It’s now more analogous to how you might
exchange Dollars for Euros or any other currency
on the open market, it’s just its own independent
thing.
This is the first important thing to understand
about Bitcoin, or any other cryptocurrency:
What it is is a ledger; the history of transactions
is the currency.
Of course, with Bitcoin money doesn’t enter
the Ledger with people buying into using cash,
I’ll get to how new money enters the ledger
in just a few minutes.
Before that, there’s an even more significant
difference between our current system of LedgerDollars
how cryptocurrencies works.
So far, I’ve said that this ledger is some
public place, like a website where anyone
can add new lines.
But this requires trusting a central location.
Namely, who hosts that website?
Who controls the rules of adding new lines?
To remove that bit of trust, we’ll have
everyone keep their own copy of the ledger.

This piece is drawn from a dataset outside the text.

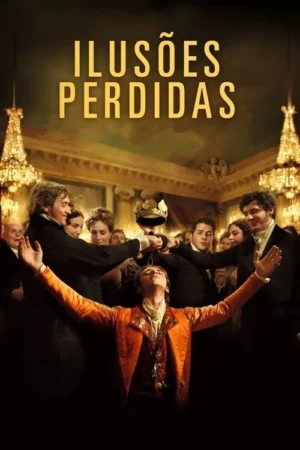 Um jovem em casaco laranja, braços abertos, sob uma coroa suspensa por uma multidão em salão opulento. Clima dramático e histórico.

Then to make a transaction, like “Alice
pays Bob 100 LedgerDollars”, you broadcast
into the world for people to hear and record
on their own private Ledgers.
But unless we do something more, this system
would absurdly bad.
How can you get everyone to agree on what
the right ledger is?
When Bob receives the transaction “Alice
pays Bob 10 LedgerDollars”, how can he be
sure that everyone else received and believes
that same transaction?
That he’ll be able to later use those 10
LedgerDollars to make a trade with Charlie.
Really, imagine yourself just listening to
transactions being broadcast.
How can you be sure that everyone else is
recording the same transactions in the same
order?
Now we’ve hit on an interesting puzzle:
Can you come up with a protocol for how to
accept or reject transactions and in what
order so that you can feel confident that
anyone else in the world following the same
protocol has a personal ledger that looks
the same as yours?
This is the problem addressed in the original
Bitcoin paper.
At a high level, the solution Bitcoin offers
to trust whichever ledger has the most computational
work put into it.
I’ll take a moment to explain what exactly
that means, which involves this thing called
a “Cryptographic hash function”.
The general idea we’ll build to is that
if you use computational work as a basis for
what to trust, you can make it so that fraudulent
transactions and conflicting ledgers would
require an infeasible amount of computation.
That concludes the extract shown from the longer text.